For neural network input, we transformed each board representation into a one-hot tensor with dimensions 8 \(\times \) 8 \(\times \) 4, with an on-value of 1 for positions that correspond to player, opponent, empty, or bias positions, respectively. The bias is an on-value for every position.

For labeling of training examples, each move is mapped to a unique numerical index in the range 0 to 154, and this index serves as the label for the associated board representation. (With a player point-of-view representation, there are a total of 154 possible moves, according to start square and destination square plus a no-move position if the game is over.)

Network Architecture. The network’s input layer takes in a \(b\times 8 \times 8 \times 4\) tensor where b is the mini-batch size, or the number of samples to be evaluated in parallel. Each hidden layer has 192 3 \(\times \) 3 filters, with the exception of the final hidden layer which has a single 1 \(\times \) 1 filter, and uses a rectified linear unit (ReLU) activation function [18]. As input is passed to each hidden layer, it is zero padded to the dimensions that ensure the resulting output volume has 8 \(\times \) 8 planes. Hidden layer weights were randomly initialized with 0 mean and standard deviation \(\sqrt{2/n_l}\) as described by He et al. [19, p. 4], where \(n_l\) is the number of incoming connections for that layer. The biases were initialized to 0.01 to ensure all ReLUs fired in the beginning [20]. The output layer is a fully-connected layer which uses a Softmax activation function [21] to produce the predicted probability distribution over the 155 possible moves. The output layer’s weights were initialized by the Xavier initialization algorithm [22] and biases were initialized to 0. The network was implemented in TensorFlow, Google’s machine learning framework, as TensorFlow offers a high level of performance, portability, and an interface that facilitates quick debugging and iterative development [23].

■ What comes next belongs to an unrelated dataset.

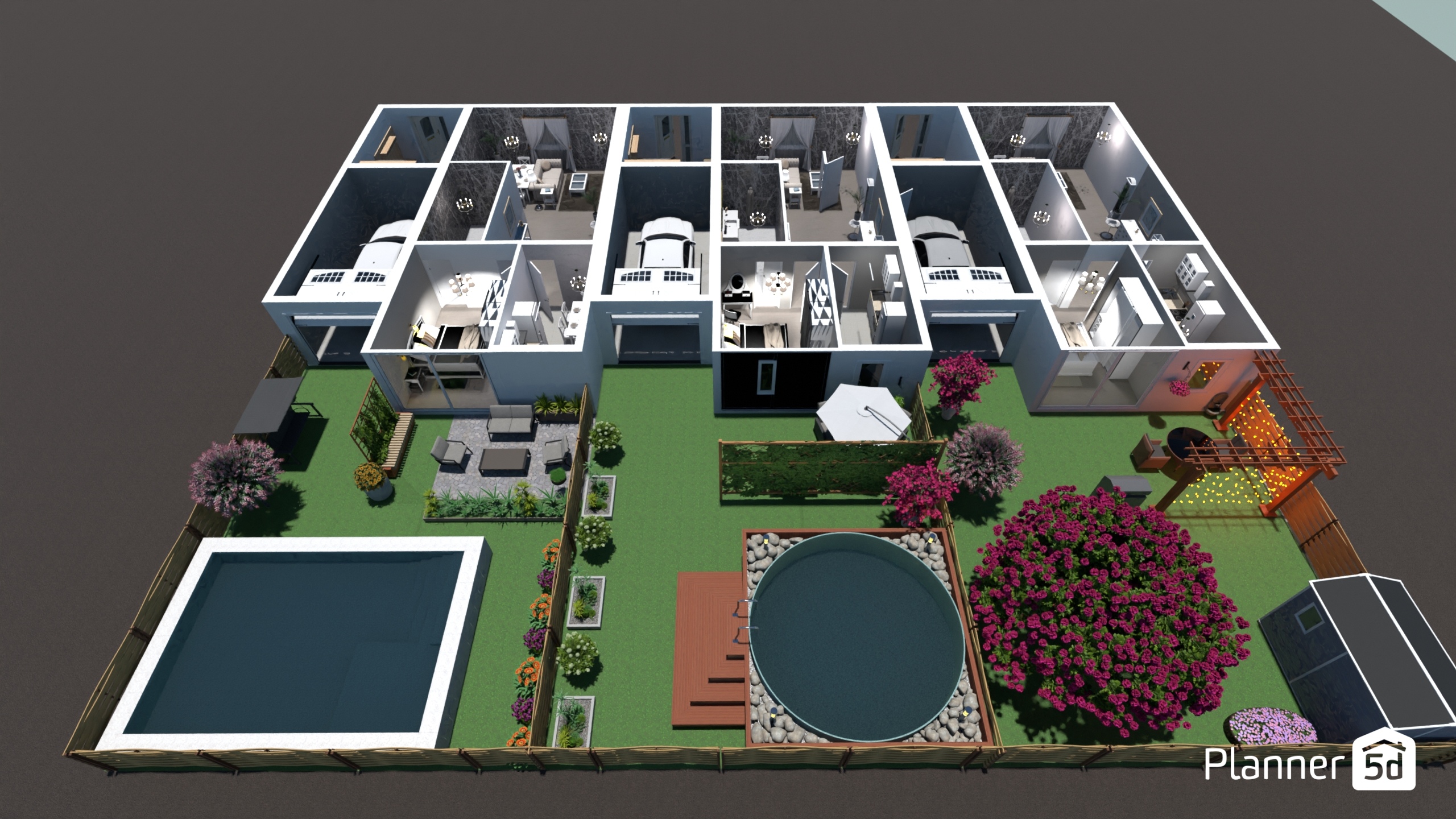 AI Upload - 2024-12-02 05:06:02 #23536902 by User 151405702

Network Training. The network was trained for five epochs via adaptive moment estimation, also known as Adam [24], using cross entropy with a learning rate of 0.1 and a mini-batch size of 128. Training took approximately one hour on an Nvidia GTX 1080 GPU.

3.2 Results

Figure 2 shows the player policy network’s accuracy throughout training (the opponent policy network’s training showed a similar pattern).Footnote 2 On a held-out test setFootnote 3, the player policy network achieves \(50.6\%\) accuracy, with the correct move being in the networks top ten predictions \(95.3\%\) of the time. The opponent policy network achieves \(50.9\%\) accuracy, with the correct move being in the network’s top ten predictions \(96.0\%\) of the time. The four-layer network with 192 filters per layer represented an optimal tradeoff between accuracy and complexity. Experiments with larger networks (up to 12 hidden layers and 512 filters) did not yield significantly higher accuracy and came at the expense of increased memory demands and computation time.

Fig. 2.
figure 2

Training accuracy over the number of training steps.

Simply using the policy net to suggest moves produces a player of nearly equivalent strength, achieving a 44.0% \(\pm 3.14\) win-rate against Wanderer at 10 seconds/move (approximately 800,000 playouts).Footnote 4 This is impressive given the fact that the policy net takes approximately 2 ms to generate a prediction.

3.3 Integration into MCTS

In our CNN/MCTS paradigm, Wan-CNN utilizes a Synchronous Replace by Threshold [16, p. 20] expansions with \(T=0\) and a thread pool (minimal locking) for tree-level parallelism.Footnote 5 Our implementation is basically UCT, with some differences in how moves are chosen, the expansion policy, and the rollout policy.

Selection. For move selection, we use the PUCT variant described in [10] where we choose action a at state s where \(a = {\mathop {\mathrm {argmax}}\limits _{a'}} \left( \frac{w_{a'}}{1+v_{a'}}+c_{ puct } P(a'|s)\frac{\sqrt{\sum _{b}w_b}}{1+v_{a'}}\right) \), with \(w_n\) and \(v_n\) corresponding to the total wins and visits passing through node n, \(\sum _{b}w_b\) to the wins over all sibling node of n, and \(c_{ puct }\) to the exploration constant.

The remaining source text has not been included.